JACK:  Yes. The Brighton line.

LADY BRACKNELL:  The line is immaterial. Mr. Worhting. I confess I feel somewhat bewildered by what you have just told me. To be born in a hand-bag, whether it had handles or not, seems to me to display a contempt for the ordinary decencies of family life…

And many more lines that would show you Wilde could have made one great Oscar host.


The Movie (2002, DVD)

I’ve got the DVD. It never fails to delight no matter how many times I re-watch it. Lady Brecknell is portrayed by Judi Dench, as proficient as any Dench performance, albeit a bit too severe here. But just as well, she’s a monster to Jack Worthing.

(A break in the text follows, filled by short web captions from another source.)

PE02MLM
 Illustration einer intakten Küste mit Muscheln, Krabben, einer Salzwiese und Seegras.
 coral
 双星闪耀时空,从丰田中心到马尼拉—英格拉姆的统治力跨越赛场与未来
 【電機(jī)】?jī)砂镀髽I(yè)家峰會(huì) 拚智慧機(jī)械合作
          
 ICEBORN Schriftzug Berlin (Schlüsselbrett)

Jack is played by the ever talented Colin Firth. Dispelling the Mr. Darcy myth, Firth shows he can be one freewheeling comedic actor. Having seen many of his works, I find that with the right words to say, he can always deliver in style, even if he needs to stammer to get his words out.

Before Mamma Mia! (2008), Colin Firth had sung in a movie strumming a guitar, it is here. With Rupert Everett as the piano playing Algernon, the two come together in a duet to woo their love.

Frances O’Connor, who plays Fanny Price in Mansfield Park (1999), is Gwendolen, animated but much intimidated by her icily fierce mother Lady Brecknell. Reese Witherspoon is Cecily, Jack’s 18 year-old ward. The gals can easily call each other sisters if not for the mistaken identity of their love interest, Earnest. Thinking they are romantic rivals, the ladies are at each other’s throat as much as their genteel upbringing can allow, and  quickly become allies once the misunderstanding clears up.

Both Jack and Algernon are willing to go all out to have their names changed to Earnest via christening by the minister Dr. Chasuble, a role mastered easily by veteran actor Tom Wilkinson. Dr. Chasuble is a silent admirer of Cecily’s governess Miss Prism, played by Anna Massey with much comedic sense and timing.

At the end, Jack finds out his true parentage, realizes that he is more kin than kind to Algernon, and three matrimonies ensue, a happy ending Jane Austen would have approved. The movie adaptation is an enjoyable way to go through the play, not just with sight, sound and cinematic fun, but a delightful all-star cast.

Some tidbits: The film won a Best Costume Design award from Italy, and Reese Witherspoon was a nominee of the Teen Choice Award 2002. Looking at the cast today, we see 3 Oscar winners and 1 Oscar nominee.

As usual, the DVD carries special features like The Making Of and Behind the Scene featurettes, interviews with stars and crew, and audio commentary, always a valuable companion to the main feature.